Section 805(c) provides, in addition, that the Commission's risk management standards may address such areas as risk management and default policies and procedures, among others areas.

The Commission has adopted risk management standards under Section 805(a)(2) of the Clearing Supervision Act and Section 17A of the Exchange Act (the “Clearing Agency Rules”). The Clearing Agency Rules require, among other things, each covered clearing agency to establish, implement, maintain, and enforce written policies and procedures that are reasonably designed to meet certain minimum requirements for its operations and risk management practices on an ongoing basis. As such, it is appropriate for the Commission to review advance notices against the Clearing Agency Rules and the objectives and principles of these risk management standards as described in Section 805(b) of the Clearing Supervision Act. As discussed below, the Commission believes the proposals in the Advance Notice are consistent with the objectives and principles described in Section 805(b) of the Clearing Supervision Act and in the Clearing Agency Rules, in particular Rule 17Ad-22(e)(4)(i) and (e)(6)(i) and (v).

17 CFR 240.17Ad-22. See Securities Exchange Act Release No. 68080 (October 22, 2012), 77 FR 66220 (November 2, 2012) (S7-08-11). See also Securities Exchange Act Release No. 78961 (September 28, 2016), 81 FR 70786 (October 13, 2016) (S7-03-14) (“Covered Clearing Agency Standards”). FICC is a “covered clearing agency” as defined in Rule 17Ad-22(a)(5).

Id.

12 U.S.C. 5464(b).

A. Consistency With Section 805(b) of the Clearing Supervision Act

The Commission believes that the Advance Notice is consistent with the stated objectives and principles of Section 805(b) of the Clearing Supervision Act. Specifically, the Commission believes that the changes proposed in the Advance Notice are consistent with promoting robust risk management, promoting safety and soundness, reducing systemic risks, and supporting the broader financial system.

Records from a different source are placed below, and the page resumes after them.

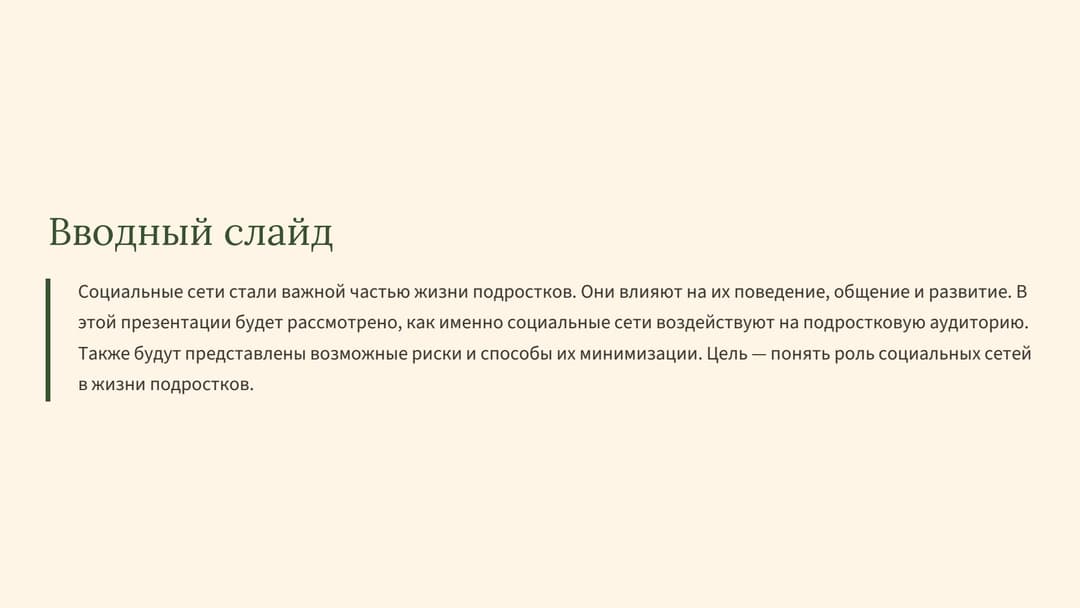 Слайд 2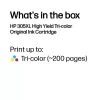 ראש דיו מקורי HP 305XL 2710 צבעוני 3YM63AE ראש דיו מקורי HP 305XL 2710 צבעוני 3YM63AE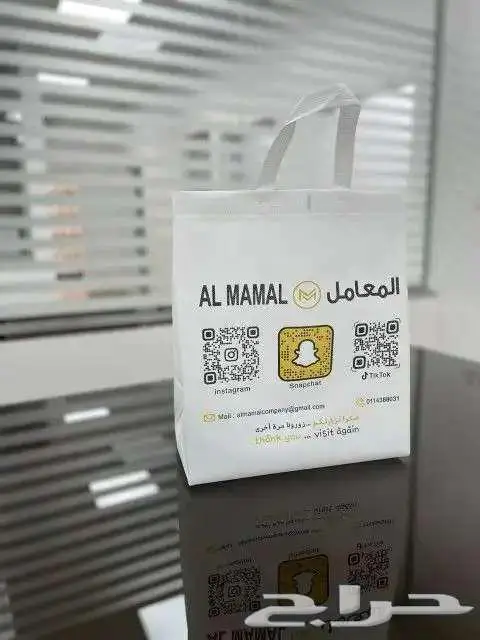 أكياس قماشية 7
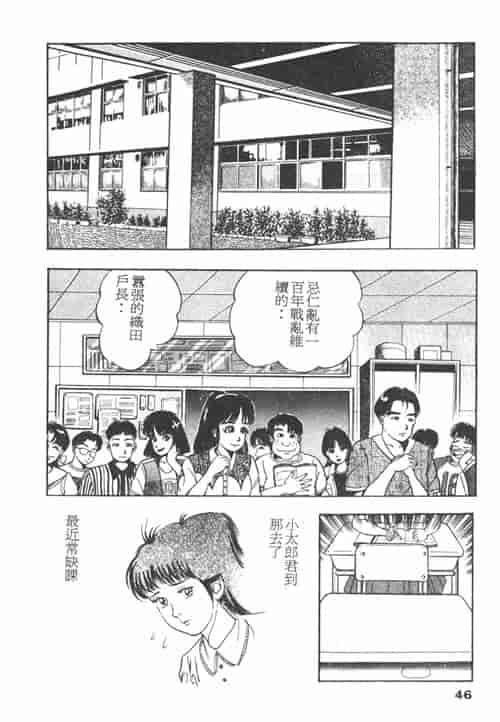 汉化版-[前田俊夫] 鬼の小太郎 1_第2集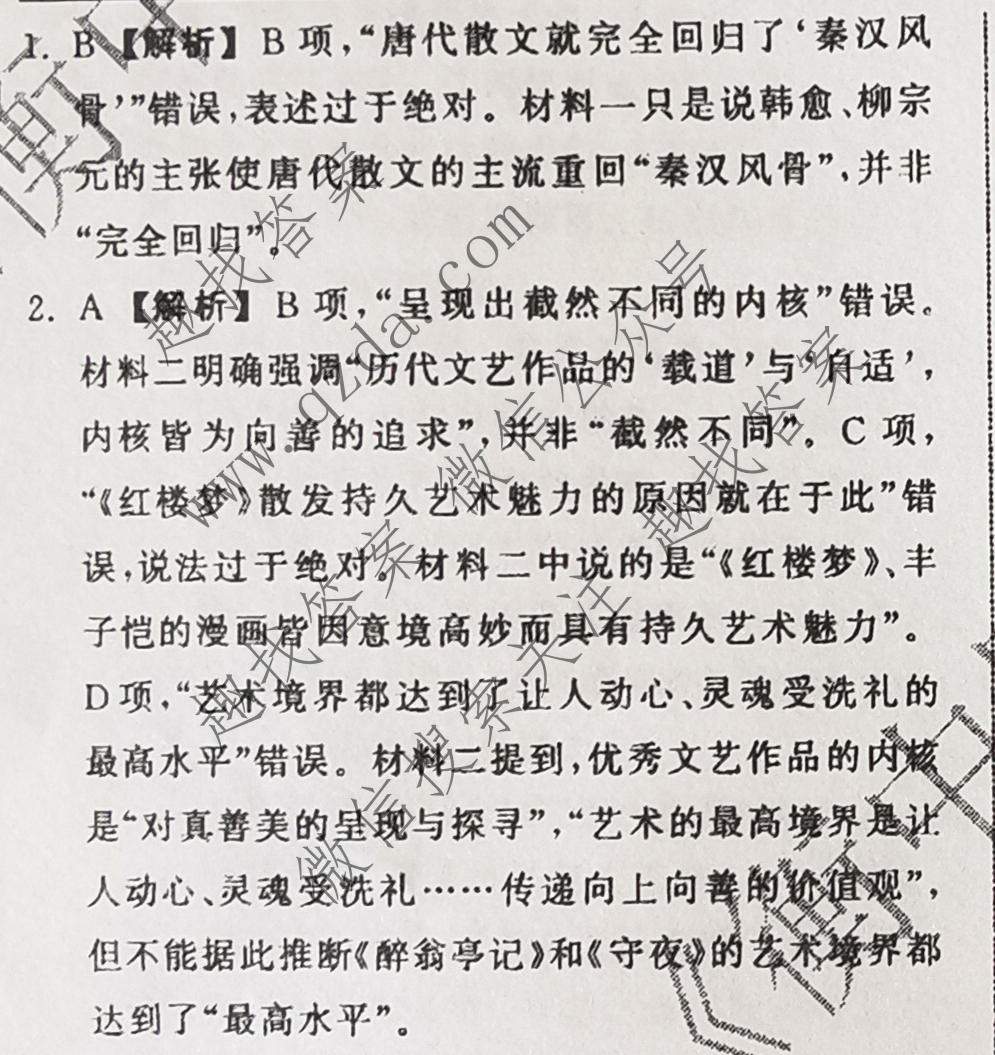 衡中同卷·天舟益考 2026年普通高等学校招生全国统一考试模拟押题卷(二)2·语文B答案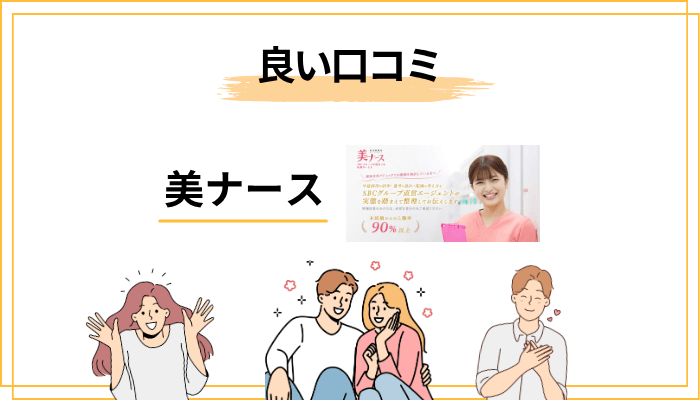 美ナースの良い評判・メリット5選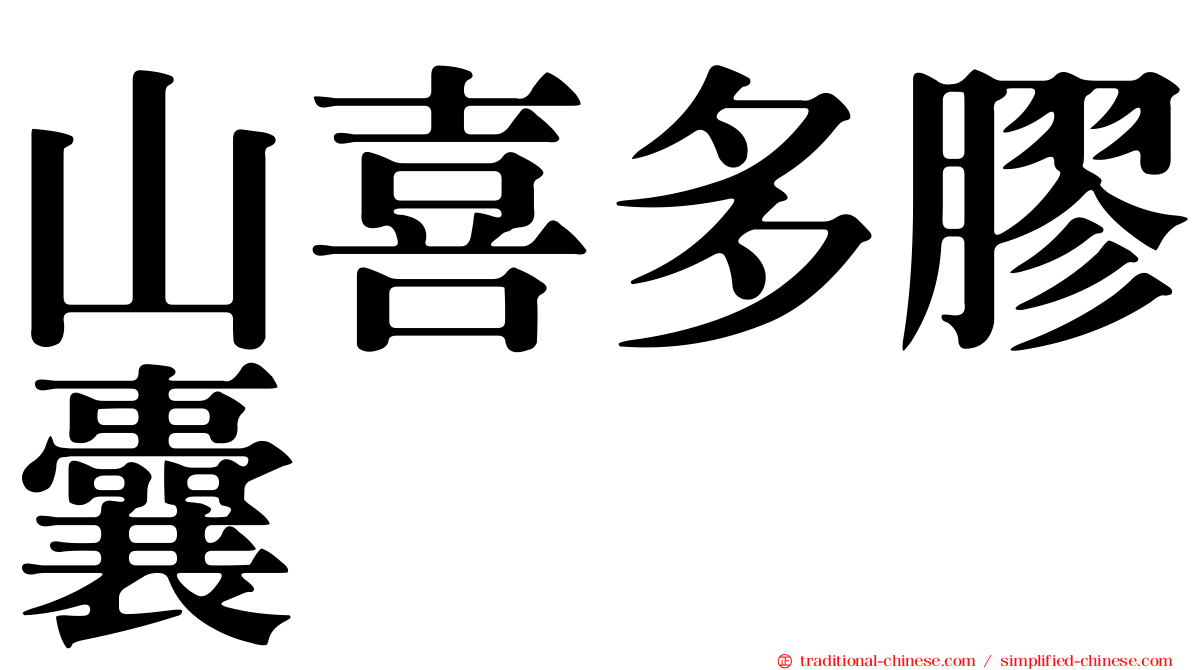 山喜多膠囊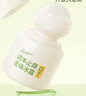 润本止痒走珠冰露30ml舒缓止痒紫草膏儿童消包红痒蚊虫叮咬户外便携 实拍图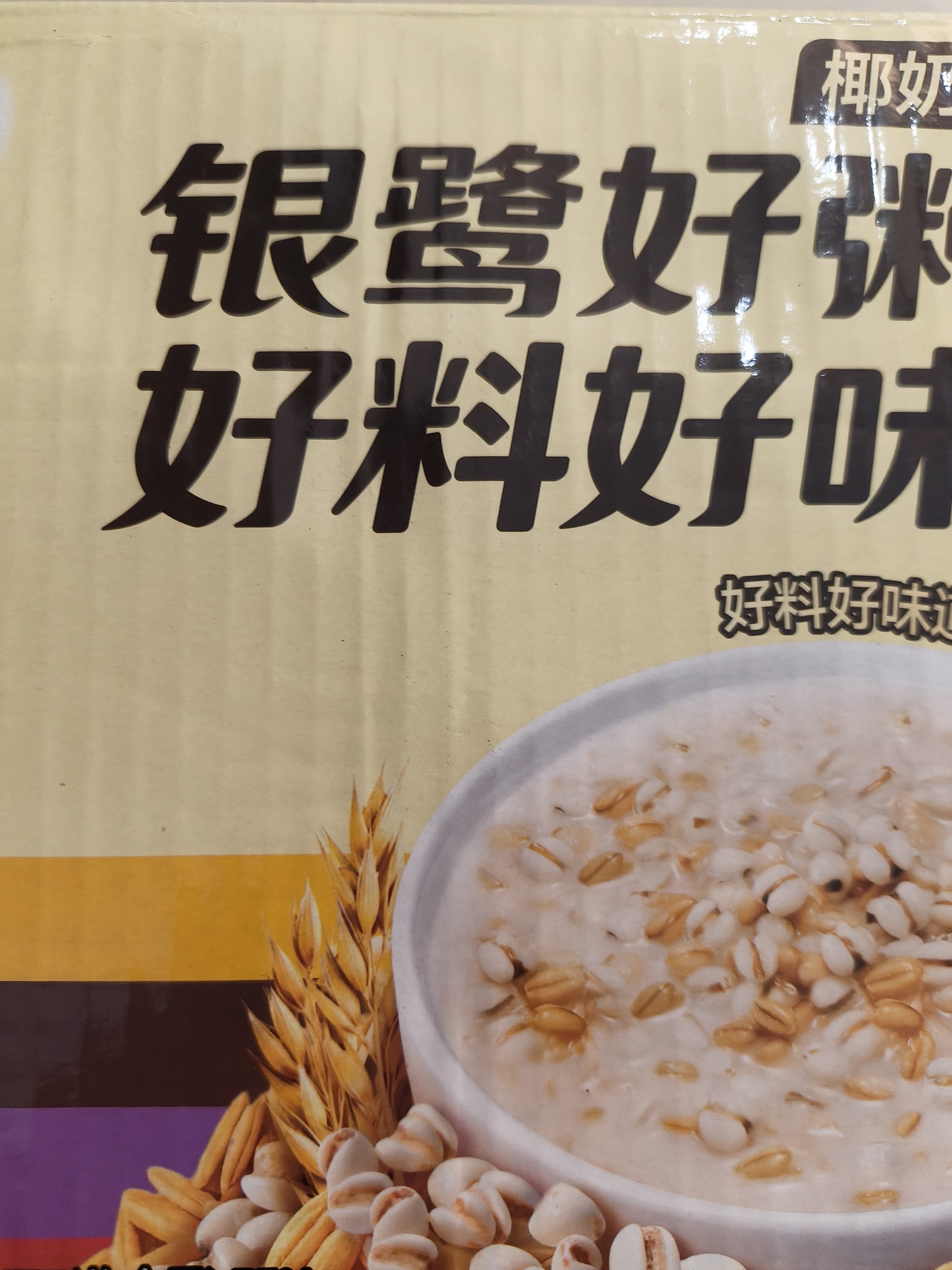 银鹭八宝粥速食粥早餐好粥道椰奶燕麦八宝粥280g*12罐代餐  实拍图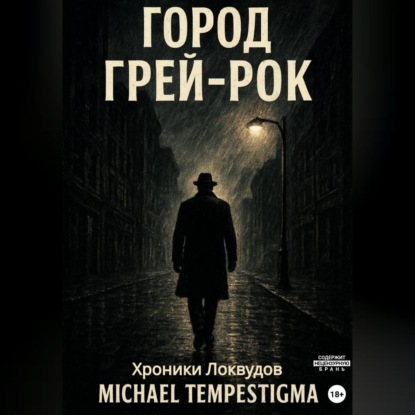 Аудиокнига «Город Грей-Рок», Michael Tempestigma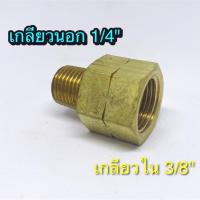 Adapter ข้อต่อขยาย ทองเหลือง 1/4"X3/8"  ใช้งานกับปั๊มลม ปั๊มน้ำ และใช้งานทั่วไป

Several of the issues raised by the commenters are directed at the Proposed Rule Change and will be addressed in that context. These comments generally relate to the proposal's impact on competition and its consistency with the Exchange Act. See Letter from James Tabacchi, Chairman, Independent Dealer and Trade Association, Mike Fratantoni, Chief Economist/Senior Vice President, Mortgage Bankers Association (January 26, 2021) (“IDTA/MBA Letter I”) at 2-6; Letter from Christopher A. Iacovella, Chief Executive Officer, American Securities Association (January 28, 2021) (“ASA Letter”) at 1-2; Letter from Christopher Killian, Managing Director, Securities Industry and Financial Markets Association (January 29, 2021) (“SIFMA Letter I”) at 2-4 (commenting on impact on competition and the application of Section 17A(b)(3)(F) of the Exchange Act). The Commission's evaluation of the Advance Notice is conducted under the Clearing Supervision Act and, as noted above, generally considers whether the proposal would promote robust risk management, promote safety and soundness, reduce systemic risks, and support the broader financial system.

1. Promoting Robust Risk Management and Safety and Soundness

The Commission believes that adopting the proposed minimum margin amount would be consistent with the promotion of robust risk management and safety and soundness at FICC. FICC proposes to add the minimum margin amount calculation to its margin methodology to better ensure that FICC collects sufficient margin amounts during periods of extreme market volatility to cover the costs that FICC might incur upon liquidating a defaulted member's portfolio.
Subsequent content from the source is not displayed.